A new camera that captures individual snowflakes as

A new camera that captures individual snowflakes as they fall in real time is being used at Stony Brook University for the first time this year, just in time for the expected blizzard Tuesday, Jan. 27, 2015. The Multi-Angle Snowflake Camera (MASC) will be used by the School of Atmospheric and Marine Sciences to better understand the "microphysical evolution within East Coast winter storms," according to the school. Here is a collage of microscope images taken with the MASC from previous storms. The MASC captures in free-fall, so they are intact. Credit: Stony Brook University

A new camera at Stony Brook University that captures pictures of individual snowflakes during storm events could be the key to making future snowfall predictions more accurate.

The snowstorm currently hitting Long Island is the first big test for the university's Multi-Angle Snowflake Camera, installed last month on the roof of the School of Marine and Atmospheric Sciences, said Brian Colle, professor of atmospheric science.

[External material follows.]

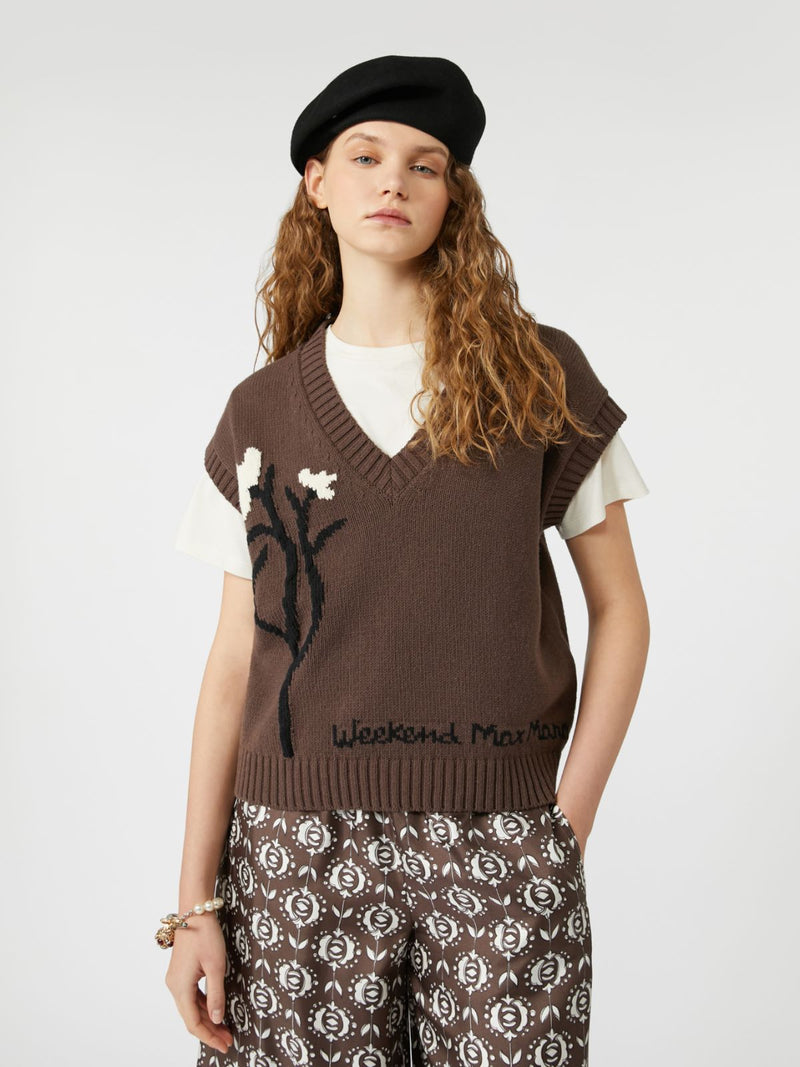 Gilet intarsiato in misto cotone WEEKEND MAXMARA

The camera takes photographs of snowflakes as they fall, allowing researchers to collect information on the type of flakes, how much moisture they contain and how fast they fall throughout a storm, he said.

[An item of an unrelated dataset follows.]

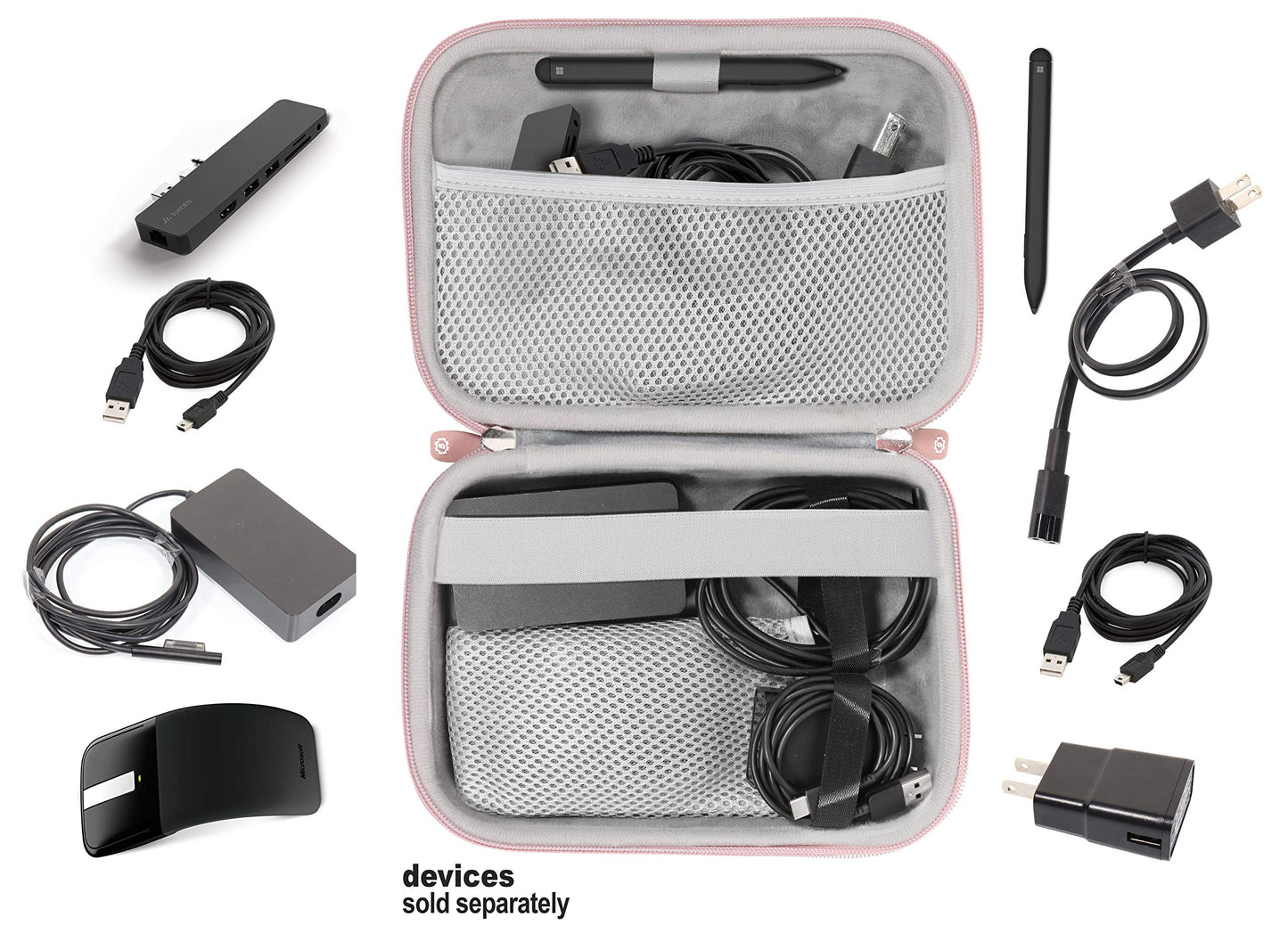 Microsoft Surface Accessories organizing case, by getgear, for Surface Dock, Surface Charger Adapter, Surface Arc Mouse, Surface Pen, Surface USB 3.0 Hub Docking Station and Others GETGEAR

That data will eventually help forecasters make more precise predictions about the amount of snowfall expected during snowstorms, Colle said.

"Some of that uncertainty is driven because we don't understand exactly what is falling out of the sky," Colle said.

The system, which is part of a three-year grant Stony Brook and North Carolina State University received last year from the National Science Foundation, consists of a cylinder with three cameras attached to it.

Infrared sensors determine when a snowflake is falling through the cylinder, allowing the device to capture three different images of the same snowflake as well as the speed at which it fell from the sky.

The device also will allow researchers for the first time to capture pictures of intact snowflakes, said Sandra Yuter, professor in the Department of Marine, Earth and Atmospheric Sciences at North Carolina State and Colle's collaborator on the project.

Previous pictures of snowflakes have been of those grown in a laboratory or caught on a surface, which collapses the structure of the flake, she said.

While the camera will yield plenty of information about this week's snowstorm, it will take data from several years of snowstorms in order to ultimately improve the forecast models, Yuter said.

"Despite the hardship the storm will obviously cause, I hope we can get some good science out of it, so in the future we can make more accurate predictions and so people can be better prepared as a result," she said.